Monthly real gross domestic product (GDP) is estimated to have fallen by 0.3% in October 2023.

Rob Morgan, Chief Investment Analyst at Charles Stanley Direct, comments: “The UK economy continues to teeter on the edge of recession. Having eked out some marginal growth in the first and second quarters of 2023, and flatlining in the third, the UK economy contracted by 0.3% in October as higher interest rates weighed on activity.

Particularly wet weather during the month was cited as a negative factor, but that doesn’t change the bigger picture of an economy flatling with risk to the downside. This contraction could herald the start of a mild recession, and at the very least it shows the economic resilience shown earlier in the year is wearing off in the face of rising inflation and borrowing costs.

The lagged effect of a blisteringly swift hiking cycle for interest rates is now being felt by more households and businesses. It takes time for interest rate changes to filter through and show up in the GDP numbers. Going forward we can expect the picture to weaken a little further as interest rates remain in restrictive territory to ensure inflationary pressures are vanquished.

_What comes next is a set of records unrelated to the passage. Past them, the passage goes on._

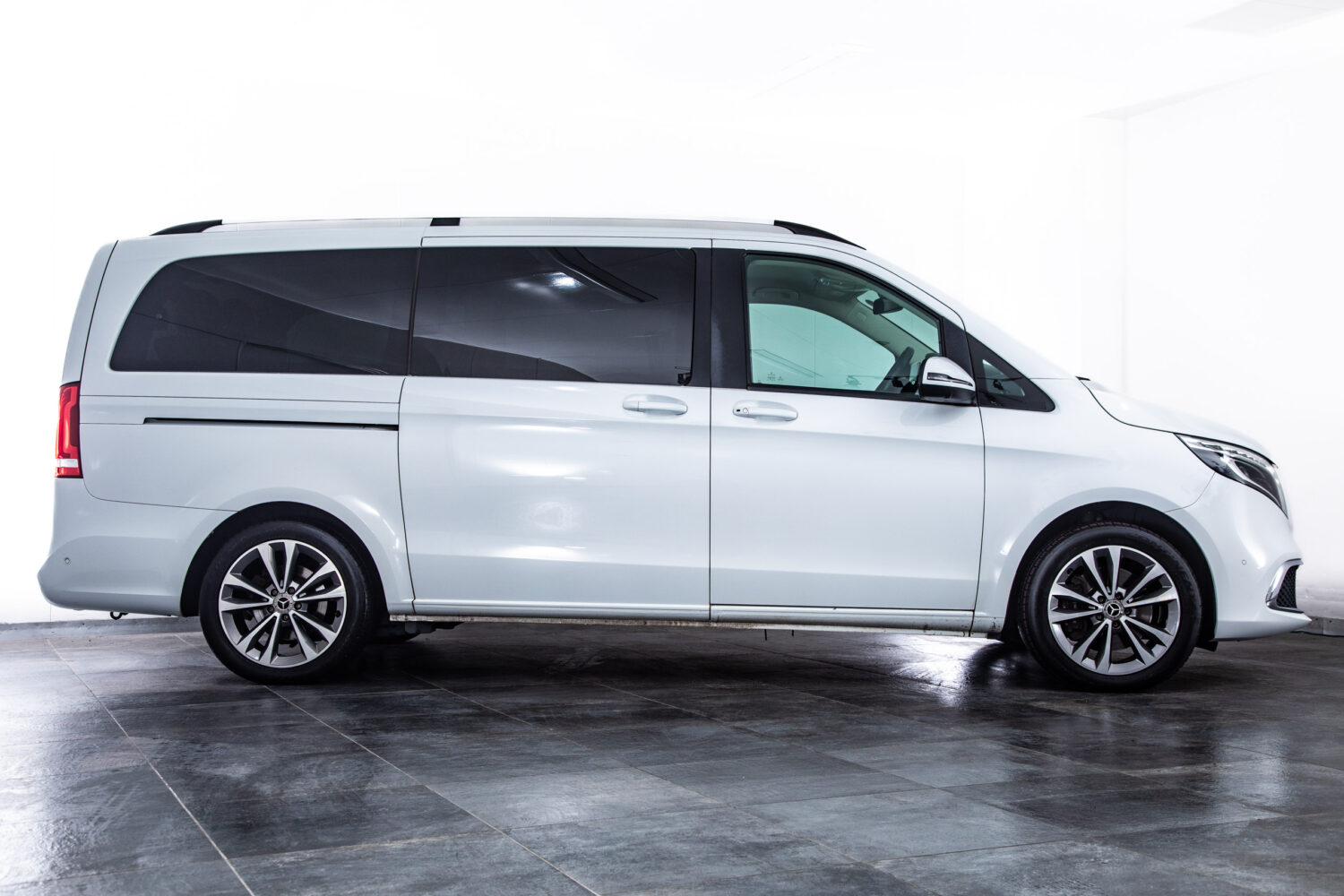 V220d アバンギャルド ロング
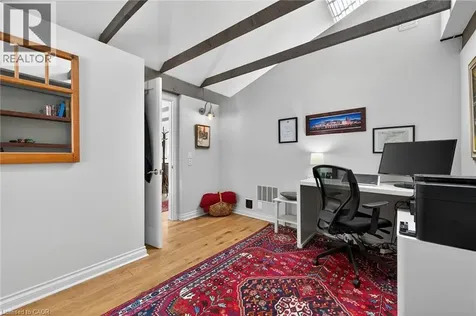 342 Meadow Wood Lane Mississauga ON L5J 2S9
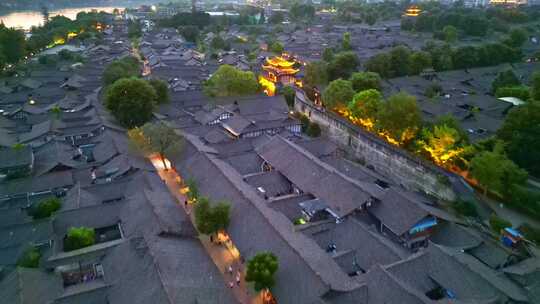 四川阆中古城高视角航拍古建筑街道夜景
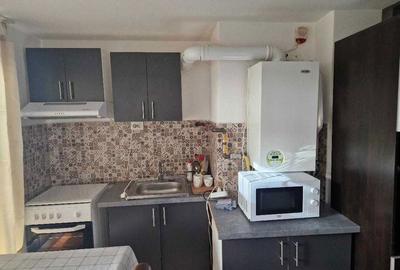 Apartament cu 3 camere semidecomandat în Central - 4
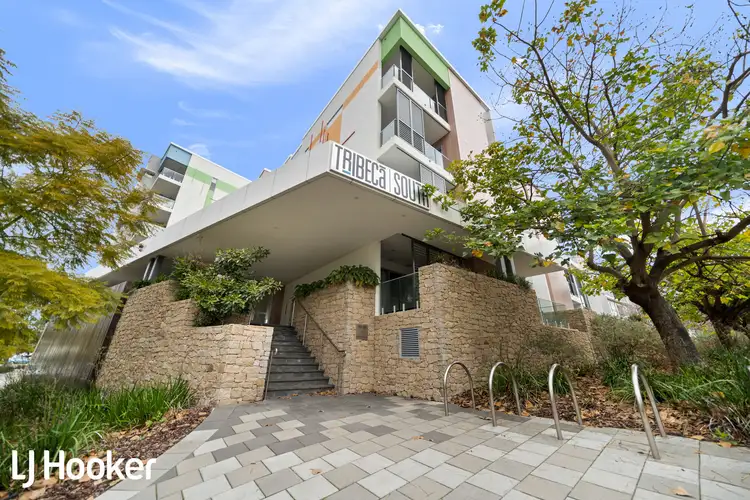 50/8 Hawksburn Road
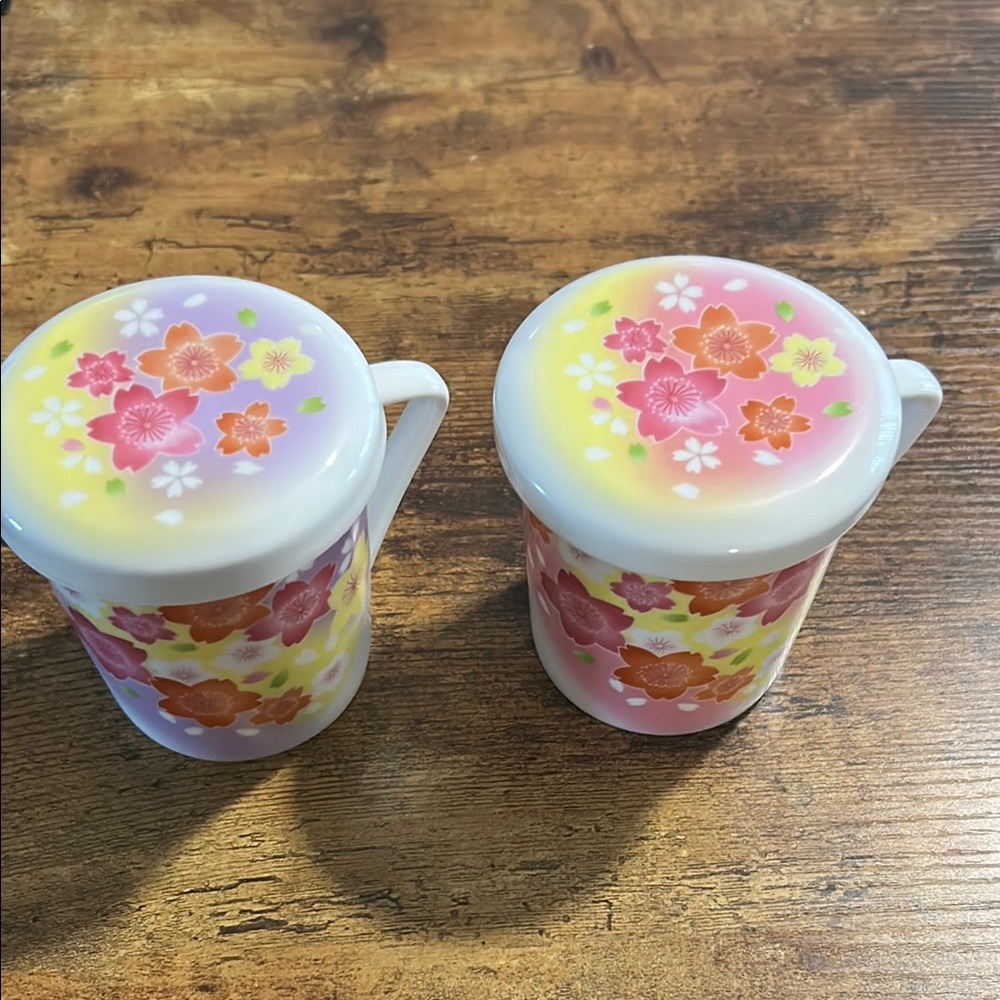 Floral Ceramic Mugs with Lids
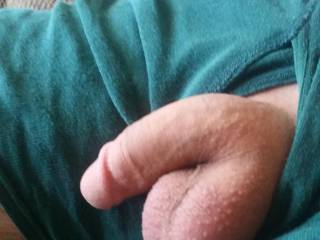 Off work today, shaved my balls. And taking pics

Lately, consumer spending has been bolstered by lower fuel prices alongside low unemployment levels and strong wage growth, but these factors may not be enough to stave off the tighter financial conditions and recessionary pressures in coming months. Inflation could linger for longer as wages remain on the sticky side, keeping upward pressure on interest rates, and sluggish demand both domestically and from overseas, notably in Europe, could tread down shoots of growth.

Today’s data will be influential in the Bank of England December’s monetary policy outlook. The Bank will be conscious of mounting evidence the economy is under significant pressure, which means a holding pattern for interest rates for now but growing calls for cuts as inflation subsides and economy activity bumps along the bottom.”